BEGIN Records provided

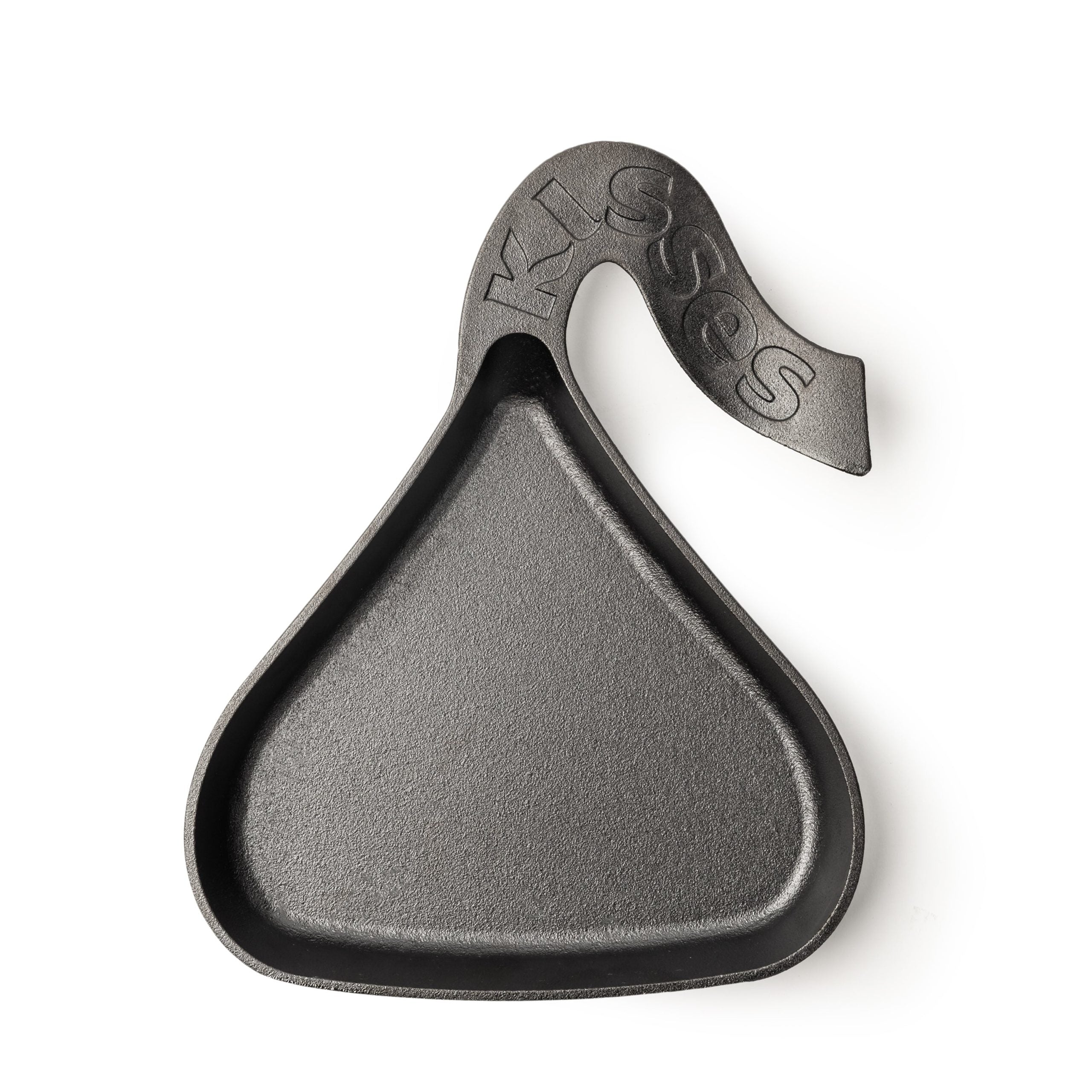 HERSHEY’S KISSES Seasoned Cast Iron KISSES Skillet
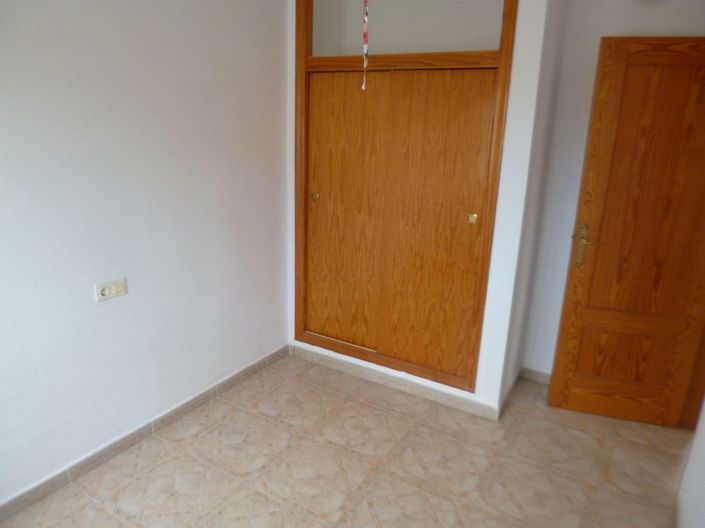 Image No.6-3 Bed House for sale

END Records provided
BEGIN Records provided

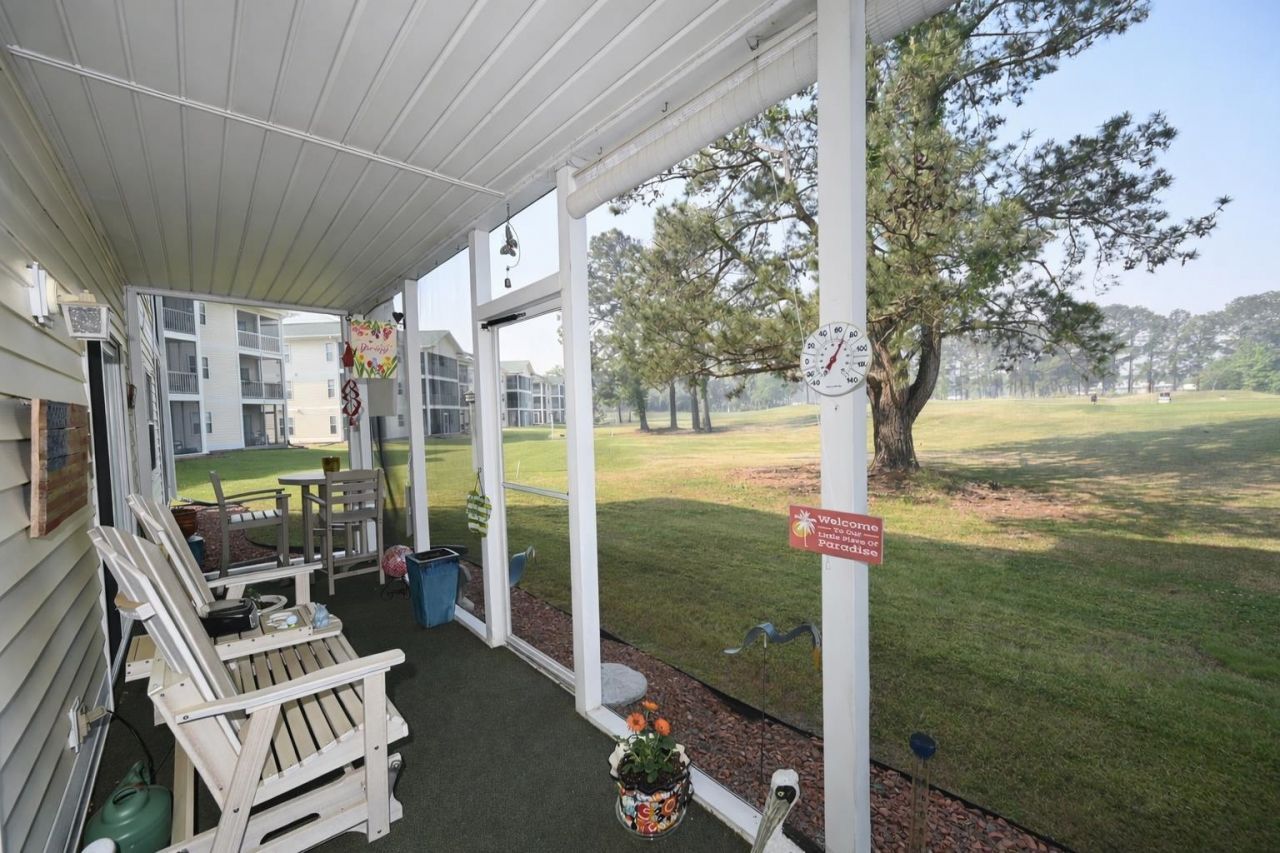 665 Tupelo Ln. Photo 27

END Records provided

### Your goal
Given the listing above, retype only the span of lines from the line with "HERSHEY’S KISSES Seasoned" up to and including the line with "Image No.6-3 Bed House for sale", exactly as it stands and without pictures.

### Result of the exercise
 HERSHEY’S KISSES Seasoned Cast Iron KISSES Skillet
 Image No.6-3 Bed House for sale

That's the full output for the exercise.